Let me tell you some important things you should know about this cheesy delight of a recipe.
You only need 20-30 minutes to make it happen.
You only need 1 (yes, only ONE) pan to get the job done. The pasta cooks right in the sauce, which means you don’t have to use two pans which means you don’t have two wash two pans which means you will have more time to do something wonderful like paint your toenails and drink in the summer sun.
It’s cheesy, loaded with flavor, makes use of basic pantry staples and will put a smile on the faces of kids and adults alike.
There’s a lot to love about this recipe, guys.
Hope you make it and enjoy it heartily. 🙂
Let me show you how amazingly easy this recipe is!
1. Grab a large deep skillet that is oven safe. (Mine is a T-fal pan from Costco).
2. Pour 2 (10 ounce) cans cream of chicken soup into your skillet. Pour milk into the can and add it to the soup. You need three cans of milk total (31.5 ounces).
3. Drain a (12.5 ounce) can of chicken and add it to the skillet.
4. Add one (1.0 ounce) package of Hidden Valley Ranch Dressing Mix and 1 tsp chicken bouillon granules.
5. Stir well and bring the mixture to a boil over medium high heat.

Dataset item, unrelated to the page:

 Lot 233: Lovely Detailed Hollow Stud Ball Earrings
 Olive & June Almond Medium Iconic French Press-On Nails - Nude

6. Add 1 (16 ounce) box penne pasta. Stir well and bring the mixture to a simmer. Cover and allow the pasta to cook for 10-12 minutes. Make sure the heat isn’t up too high. You don’t want the creamy sauce to scorch.
7. When the pasta has cooked through give it a nice stir and turn your oven to broil.

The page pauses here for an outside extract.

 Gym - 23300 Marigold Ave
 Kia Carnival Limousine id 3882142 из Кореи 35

8. Sprinkle 2 C mozzarella cheese over the top of the pasta.
9. Pop it into the oven and allow the cheese to melt and get bubbly and wonderful. (Should only take about 3 minutes. Watch it carefully, it can burn in just a blink of an eye).
10. Sprinkle with 1 tsp parsley (dried is fine).
Serve and enjoy!
Recipe adapted from my sister in law Erin Jepsen.